The backstory of the Hot 100 chart helps explain the context. It started up in 1958 when Billboard combined two existing charts: one that measured sales of singles and another that tracked radio plays. Writer and chart historian Tom Breihan writes in his book, The Number Ones, that like today — and throughout the story of pop music — teenagers helped drive its early success stories. “The Hot 100 just missed the very beginning of the rock [and] roll era, but the chart began at a moment of vast demographic change, a time when baby boomer children were starting to spend money on singles and a whole new cultural wave was gathering force,” he writes.

The wave has continued, albeit in much different forms. Before the eruption of both “Gangnam Style” and “Harlem Shake,” as both Baauer and Werde pointed out, memes had yet to become drivers of what eventually becomes a chart smash. But in their wake, the landscape shifted dramatically. Rae Sremmurd’s “Black Beatles” powered 2016’s Mannequin Challenge viral craze, earning them the No. 1 spot for six weeks. Lil Nas X’s “Old Town Road,” a cultural phenomenon that began as an enigmatic meme, became the longest-running Hot 100 chart-topper in history three years later. “You may choose to see that as dystopian or you may choose to see it as incredibly cool,” Werde said. “A lot of that is a Rorschach test based on how you feel about Lil Nas X.”

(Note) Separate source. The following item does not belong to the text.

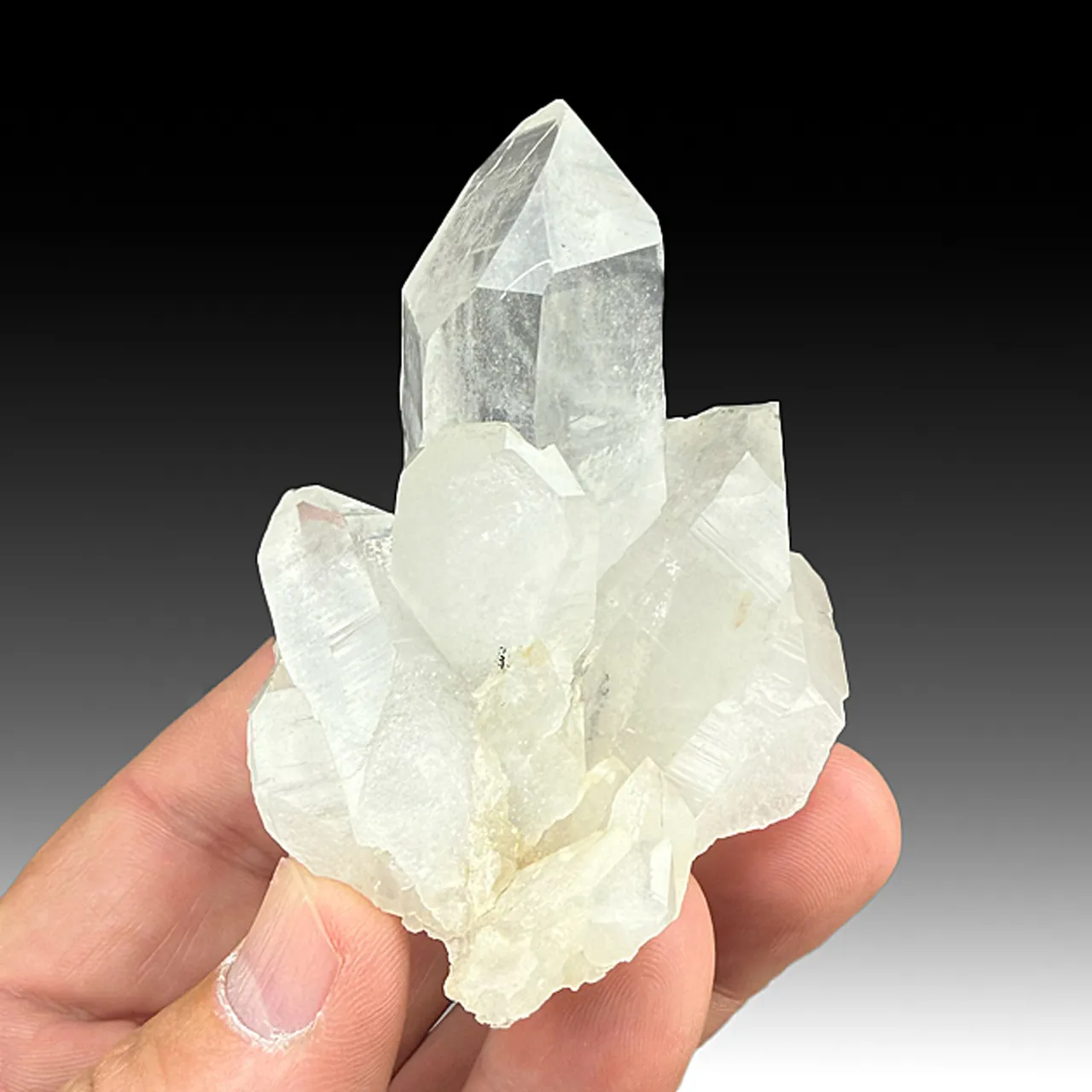 Quartz - image 1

There remains a direct line connecting Baauer’s hit to the TikTok-boosted singles of the 2020s, even if older and more traditional ways of looking at the charts linger. “I still get into fights in bars over this issue and whether or not [‘Harlem Shake’] should have been the number-one song in America,” Werde said. He defends the decision, arguing that consumers were moving away from the passive listening of radio (which the Hot 100 was “overvaluing”) and into an era of active, on-demand listening thanks to YouTube plays, and soon after, streaming. With these behavioral adjustments came a long-overdue forward-thinking approach to what makes a hit in the 21st century.

Stephen Bryan, YouTube Music’s global head of label relations, emphasized the agency both fans and artists gained. “I’m not sure it changed [YouTube]’s relationship with pop music, but for Billboard, it was certainly one step closer to its charts more accurately representing what is popular in music,” he said to MTV News in an email. He forecasted that the next decade will continue to see artists finding novel ways to connect with their audiences, while “fans will continue to be able to discover, listen, watch, and engage with the music and artists they love across every relevant format.”

Those formats continue to be mulled over by industry leaders. In late 2019, Billboard announced yet another tweak, this time factoring plays of an artist’s official YouTube videos into its Billboard 200 albums chart formula. The change also stipulated that visual plays from streaming giants like Apple Music, Spotify, Tidal, and Vevo also count. Three years after taking effect, one notable evolution in the entire equation of what makes a hit is, of course, TikTok and its estimated 100 million users in the United States alone.

When a song trends on the platform, it creates a ripple effect where users seek it out to stream or download on other services, often causing it to chart on the Hot 100. It happened with Fleetwood Mac and Kate Bush. Would it have happened to “Harlem Shake” if Baauer had dropped his song in 2023 instead?

Perhaps the question is not what might’ve been, but what might yet be. Could TikTok conceivably help “Harlem Shake” reach No. 1 again, a decade later? Maybe — but not with any help from UT Austin, which joined the rest of Texas in blocking downloads of the app on its campus this week.

Werde knows music fans love to argue about hypotheticals like this, as well as what makes a hit. He offered one of his own. “If a song streams a billion times on TikTok because fill-in-the-blank influencer does a cool dance to it or captures a cool sort of meme-friendly moment and this is the soundtrack to it, is that a hit?” he said. “My answer is yes.”